Transcribe exactly the line containing "Yo I'm adding" and each line after it, through the end of the entries, with nothing before or after.

(Records from a data collection)

┌──

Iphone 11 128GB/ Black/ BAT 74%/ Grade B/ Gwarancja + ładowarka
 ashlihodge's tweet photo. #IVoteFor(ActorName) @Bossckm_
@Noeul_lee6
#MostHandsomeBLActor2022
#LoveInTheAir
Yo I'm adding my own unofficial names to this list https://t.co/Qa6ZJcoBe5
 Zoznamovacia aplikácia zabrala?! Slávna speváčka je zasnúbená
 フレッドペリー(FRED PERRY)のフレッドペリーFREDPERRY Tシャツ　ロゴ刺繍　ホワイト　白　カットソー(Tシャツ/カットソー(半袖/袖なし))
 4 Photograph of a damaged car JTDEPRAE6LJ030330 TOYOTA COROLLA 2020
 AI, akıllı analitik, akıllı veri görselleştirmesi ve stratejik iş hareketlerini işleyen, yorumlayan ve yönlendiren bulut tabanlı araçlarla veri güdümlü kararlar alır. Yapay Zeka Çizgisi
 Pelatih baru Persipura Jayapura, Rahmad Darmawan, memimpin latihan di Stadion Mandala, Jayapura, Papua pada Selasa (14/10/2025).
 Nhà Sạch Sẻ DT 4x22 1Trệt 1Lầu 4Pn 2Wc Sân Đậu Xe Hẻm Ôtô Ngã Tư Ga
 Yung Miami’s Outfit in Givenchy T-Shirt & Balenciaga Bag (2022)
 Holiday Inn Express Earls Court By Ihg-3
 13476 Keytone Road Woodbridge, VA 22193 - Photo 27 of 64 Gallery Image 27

└──

_Task solution_
Yo I'm adding my own unofficial names to this list https://t.co/Qa6ZJcoBe5
 Zoznamovacia aplikácia zabrala?! Slávna speváčka je zasnúbená
 フレッドペリー(FRED PERRY)のフレッドペリーFREDPERRY Tシャツ　ロゴ刺繍　ホワイト　白　カットソー(Tシャツ/カットソー(半袖/袖なし))
 4 Photograph of a damaged car JTDEPRAE6LJ030330 TOYOTA COROLLA 2020
 AI, akıllı analitik, akıllı veri görselleştirmesi ve stratejik iş hareketlerini işleyen, yorumlayan ve yönlendiren bulut tabanlı araçlarla veri güdümlü kararlar alır. Yapay Zeka Çizgisi
 Pelatih baru Persipura Jayapura, Rahmad Darmawan, memimpin latihan di Stadion Mandala, Jayapura, Papua pada Selasa (14/10/2025).
 Nhà Sạch Sẻ DT 4x22 1Trệt 1Lầu 4Pn 2Wc Sân Đậu Xe Hẻm Ôtô Ngã Tư Ga
 Yung Miami’s Outfit in Givenchy T-Shirt & Balenciaga Bag (2022)
 Holiday Inn Express Earls Court By Ihg-3
 13476 Keytone Road Woodbridge, VA 22193 - Photo 27 of 64 Gallery Image 27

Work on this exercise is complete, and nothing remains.